- _Your assignment_
Exactly as they appear below, repeat the lines from the one with "Image of Check" through the one with "Shareable card for", and no others.

- _Records for this task_
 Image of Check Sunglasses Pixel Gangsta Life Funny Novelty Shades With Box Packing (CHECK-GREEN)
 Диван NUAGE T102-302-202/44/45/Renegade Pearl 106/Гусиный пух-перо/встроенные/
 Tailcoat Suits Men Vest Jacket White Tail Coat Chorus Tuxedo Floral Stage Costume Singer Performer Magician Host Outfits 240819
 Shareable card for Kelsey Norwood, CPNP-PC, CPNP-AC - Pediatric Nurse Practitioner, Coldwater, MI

* * *

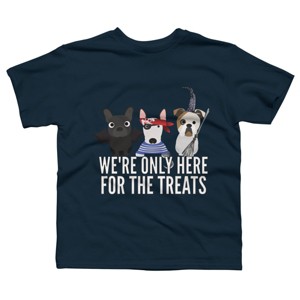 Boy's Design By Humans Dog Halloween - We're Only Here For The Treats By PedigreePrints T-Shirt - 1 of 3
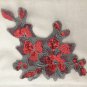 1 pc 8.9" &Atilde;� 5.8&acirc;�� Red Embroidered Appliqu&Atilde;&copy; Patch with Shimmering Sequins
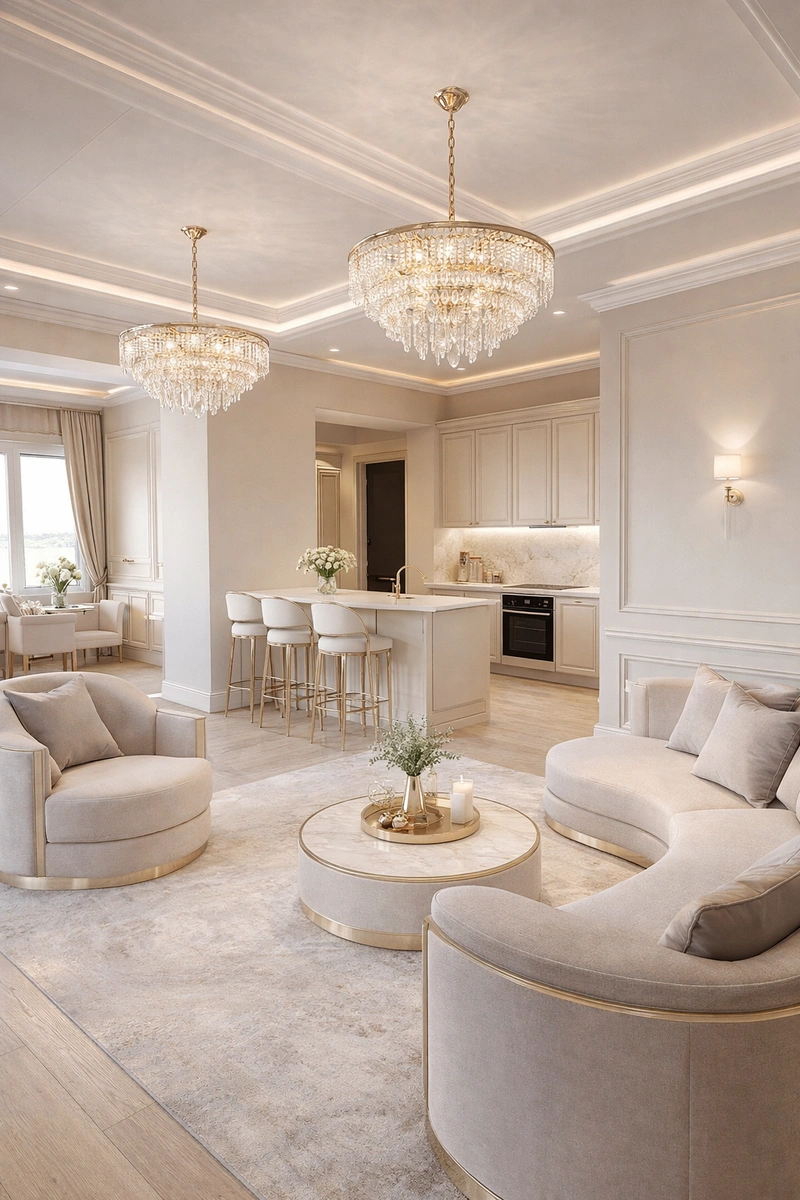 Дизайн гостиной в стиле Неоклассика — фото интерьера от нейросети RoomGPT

--

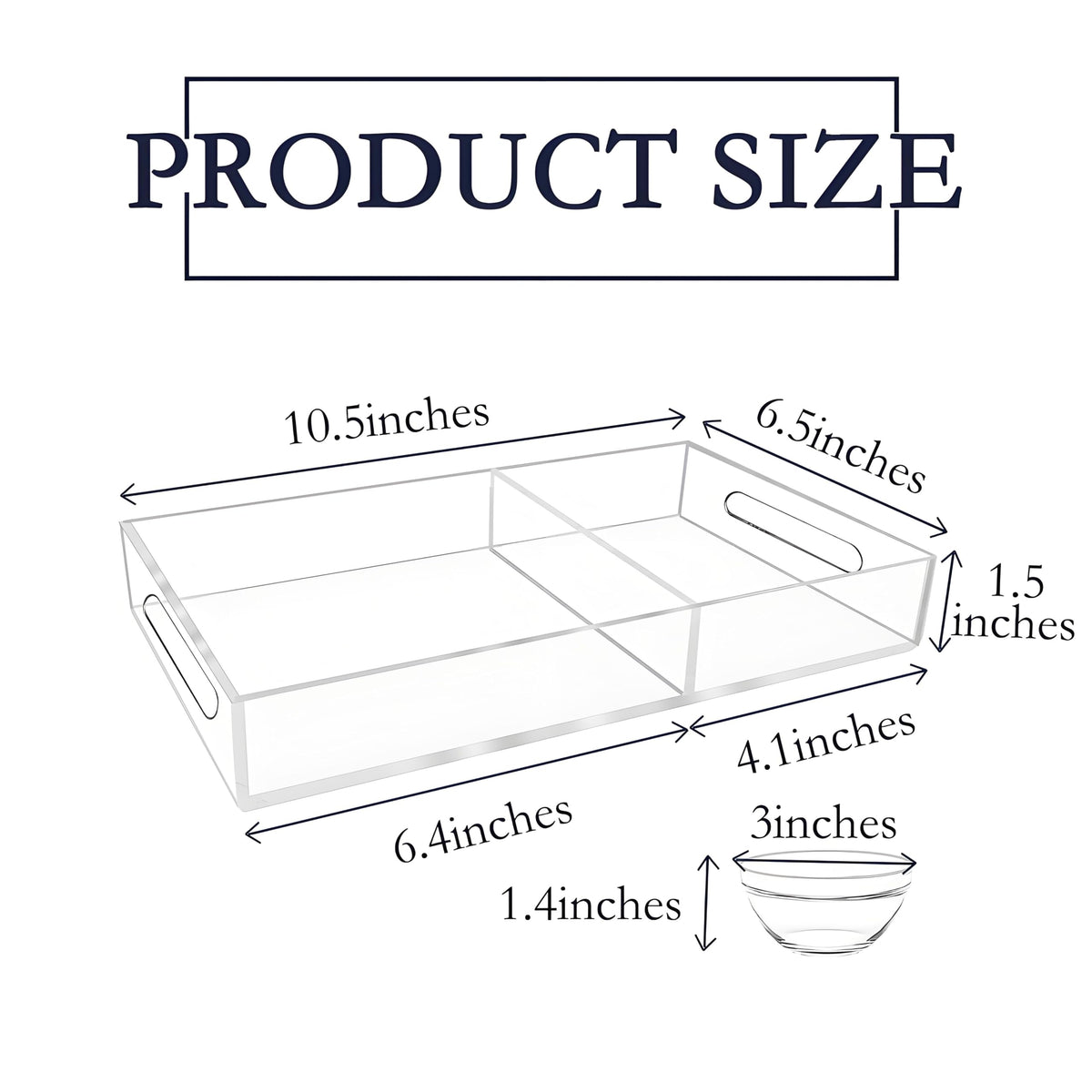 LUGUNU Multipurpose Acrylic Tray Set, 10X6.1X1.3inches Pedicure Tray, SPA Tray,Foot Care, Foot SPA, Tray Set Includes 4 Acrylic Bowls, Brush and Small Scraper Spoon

- _Expected output_
 Image of Check Sunglasses Pixel Gangsta Life Funny Novelty Shades With Box Packing (CHECK-GREEN)
 Диван NUAGE T102-302-202/44/45/Renegade Pearl 106/Гусиный пух-перо/встроенные/
 Tailcoat Suits Men Vest Jacket White Tail Coat Chorus Tuxedo Floral Stage Costume Singer Performer Magician Host Outfits 240819
 Shareable card for Kelsey Norwood, CPNP-PC, CPNP-AC - Pediatric Nurse Practitioner, Coldwater, MI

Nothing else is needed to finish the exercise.